For instance, China’s commodities derivative market trading is dominated by domestic retail traders with more than 85 per cent of the volume share.

State-owned Chinese firms can only hedge their risk in the international commodities markets. Due to quota restrictions, private firms find it challenging to access global commodities markets for hedging.

In the US, financial and commercial participants and self-directed retail traders participate in commodity exchanges, and institutional participation comes from banks, hedge funds, asset managers, pension funds, insurance companies, and proprietary trading firms.

Merchant traders often operate across the physical supply chains and hold open interests.

Proprietary traders render liquidity to commercial participants, who are often exchange members and account for about 84 per cent of the exchange traded volume, for example, the CME Group.

The third dimension is evaluating and implementing risk management to influence performance and strategic benchmarking.
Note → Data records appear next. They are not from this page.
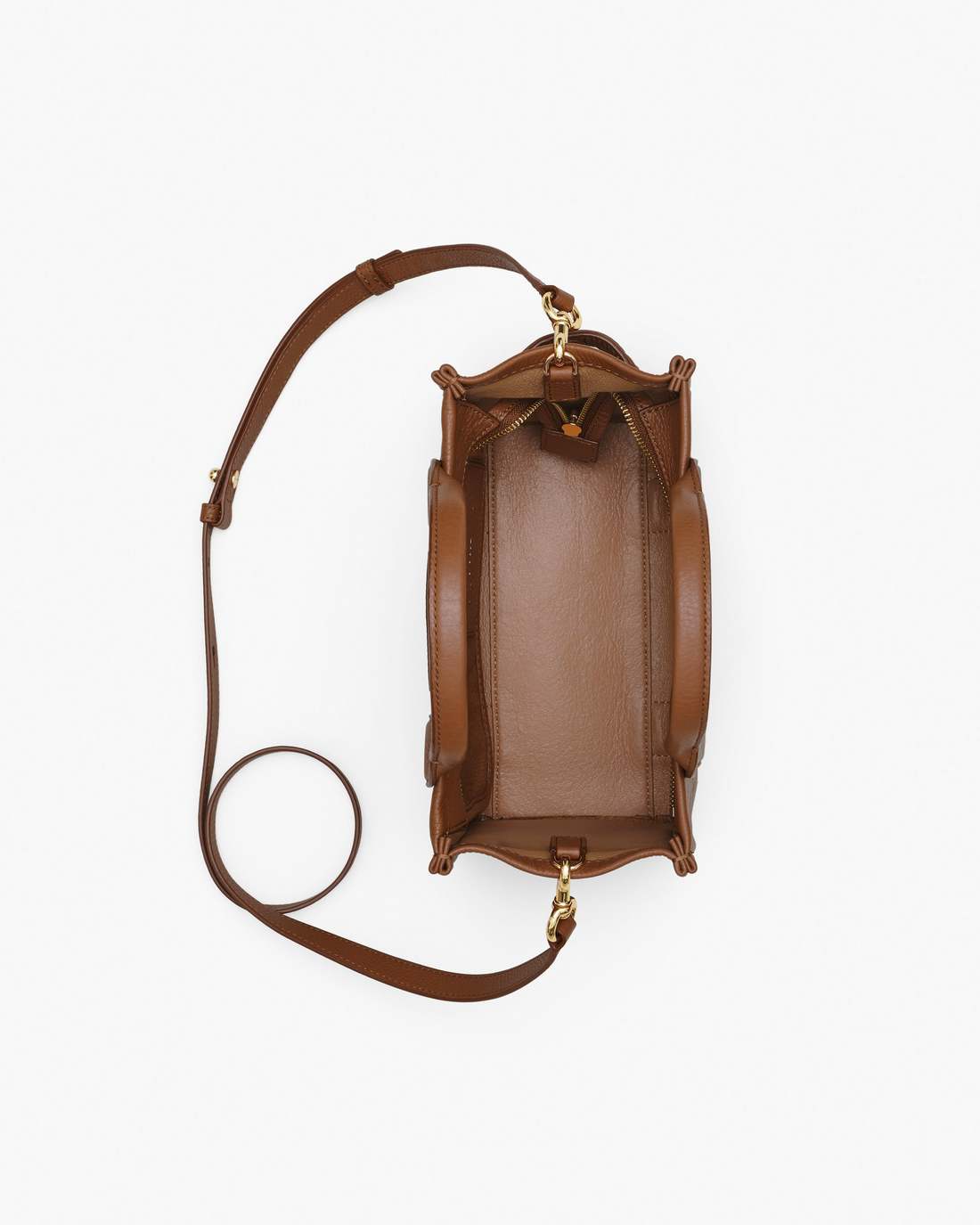 Marc Jacobs The Leather Small Tote Bag Argan Oil BAGS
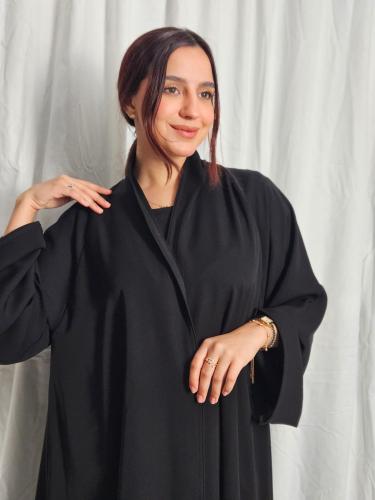عباية ساده عمليه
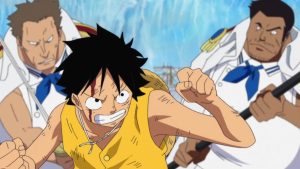 One Piece Episode 467 React: Luffy Tells Whitebeard Ace Will Be Executed Early and Starts Running
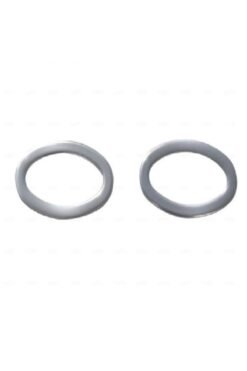 Alternative view of Citroen C2 Uyumlu Krom Sinyal Çerçevesi 2 Parça 2002 Üzeri Paslanmaz Çelik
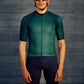 Debut - Cycling Jersey - Green - Men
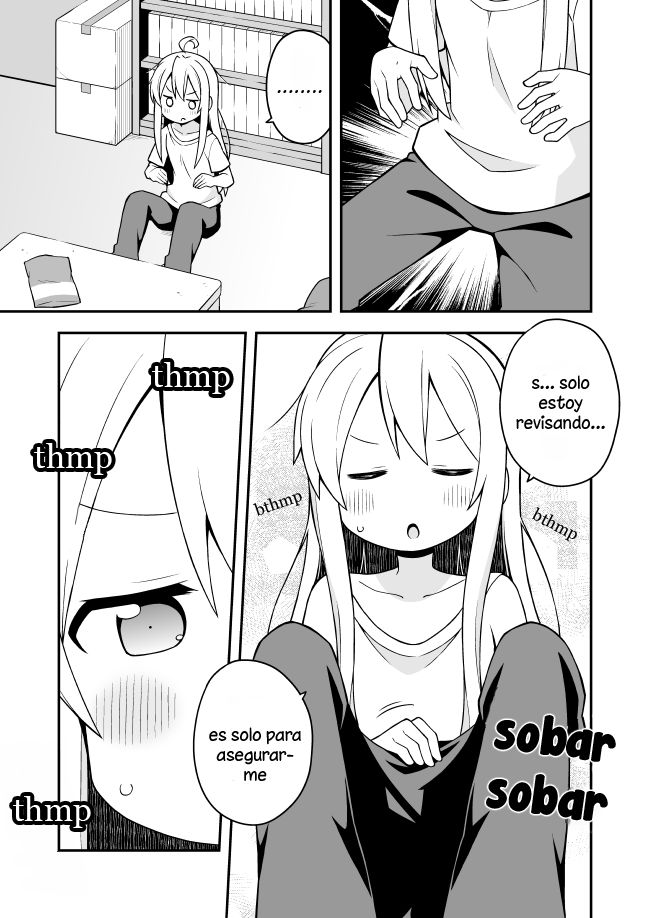 Onii-chan wa Oshimai Capitulo 1: Mahiro y el cuerpo desagradable página 6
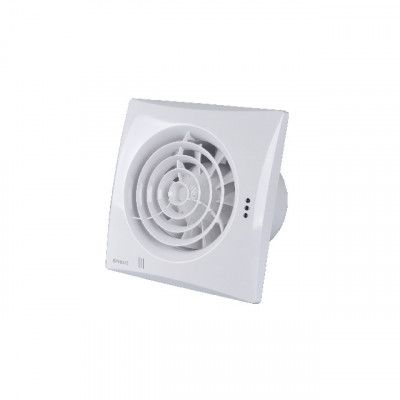 BADRUMSFLÄKT SILENT ECO FLEXIT TIMER RÖRELSESENSO D100MM | Beijerbygg Byggmaterial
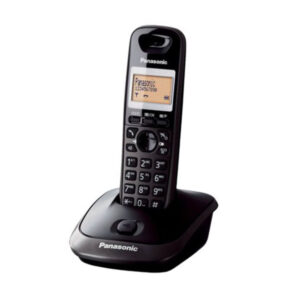 Ασύρματο Τηλέφωνο Panasonic KX-TG2511GRT (Μολυβί Χρώμα) - Image 1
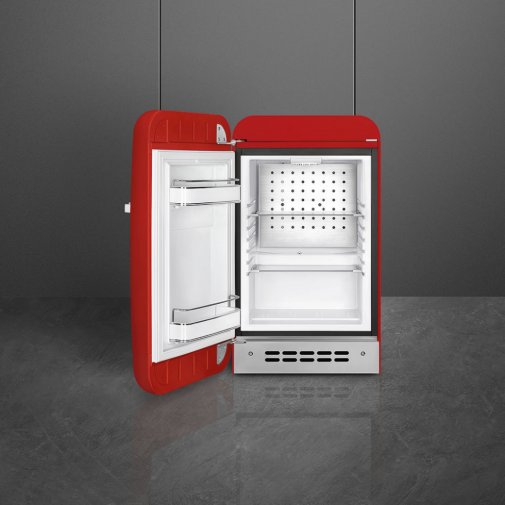 Холодильник однодверний Smeg Retro Style Red (FAB5LRD5)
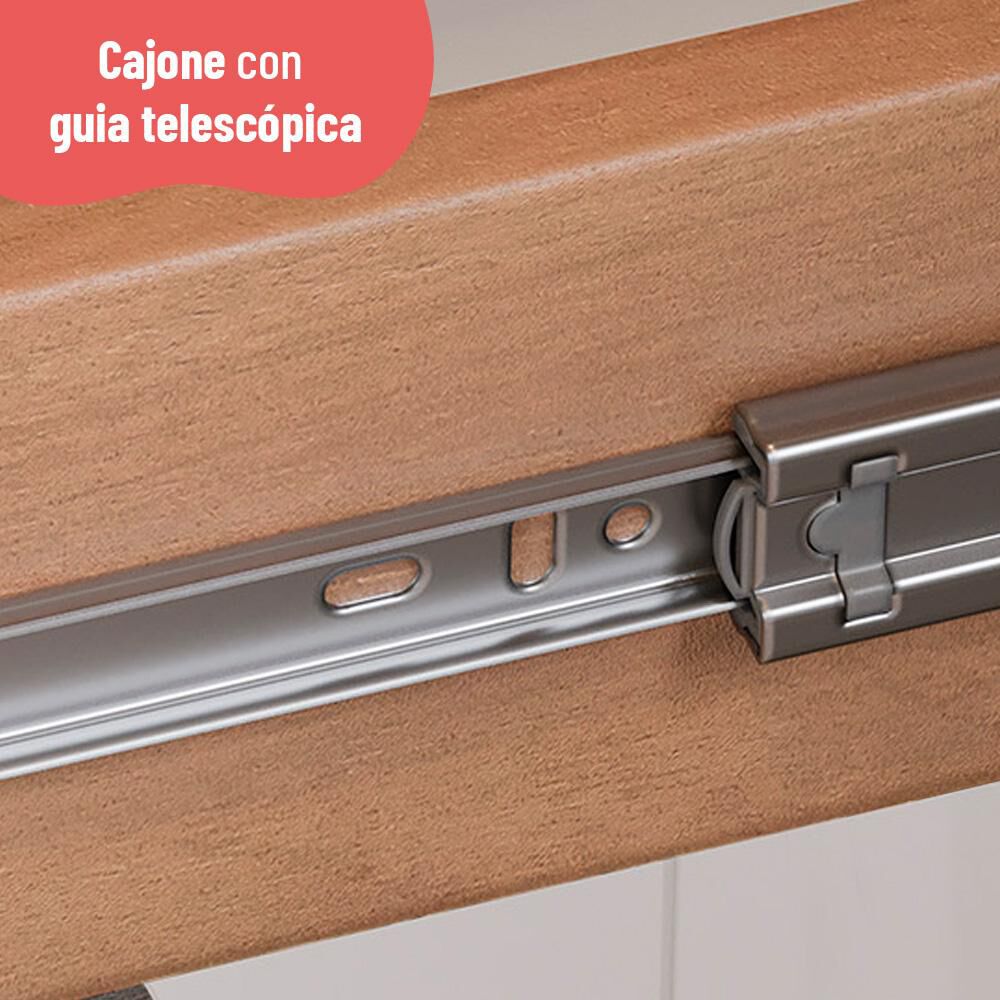 Mueble De Cocina Roca Macadamia / 2 Puertas / 3 Cajones image number 5.0
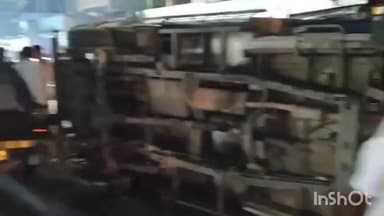 తిమ్మాపూర్ ఎల్ఎండీ కాలనీ: తిమ్మాపూర్ వద్ద ఘోర రోడ్డు ప్రమాదం, ఆటో, కారు, బైక్ ను ఢీకొన్న బొలెరో వాహనం.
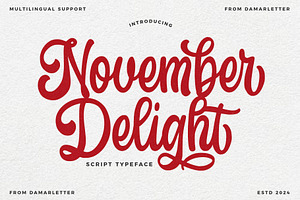 November Delight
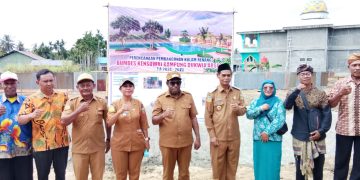 Piter Gusbager, Hadiri Acara Perancangan Unit Usaha BumDes Kensuwri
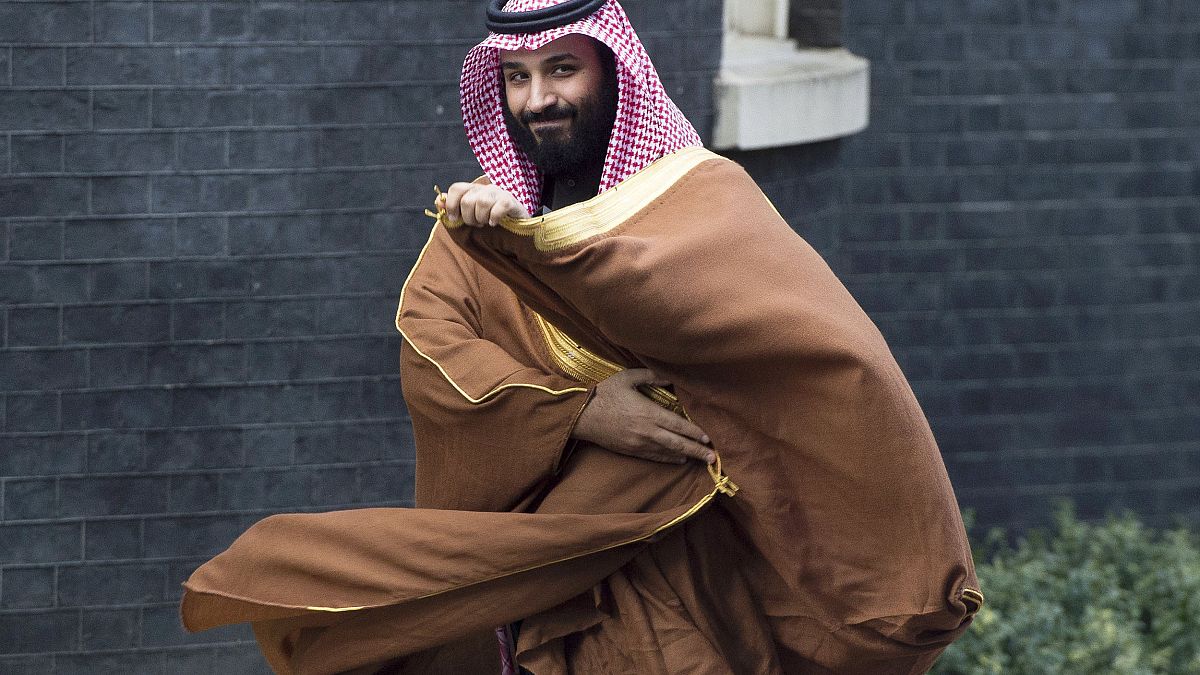 Image: Saudi Arabia's Crown Prince Mohammad bin Salman Al Saud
For example, the hedging for Chinese firms has been protected through restrictions on the international hedging activities of the state-owned firms, and integrating the index insurance and futures contracts can mitigate weather and price risks faced by the insurance companies and agricultural farms.

The insurance companies are effectively re-insured by purchasing OTC products of securities companies or futures risk management subsidiaries.

The uniform margin and risk monitoring system focused on net capital maintained by the China Futures Margin Monitoring Centre streamlines a cost-effective operation.

The fourth dimension is transaction fees, regulatory charges, and tax incidence on the market participants that need to be rationalised and benchmarked for emerging and global markets to improve participation.

Policy suggestions

The regulator and commodity exchanges can evaluate the pros and cons of practices followed in emerging and developed markets for benchmarking.

Following a critical evaluation, they can facilitate offering benchmarked as well as indigenised products in furthering the spirit of atmanirbharta and streamline risk management processes to make the market more reliable and competitive in price discovery, price dissemination, and risk management.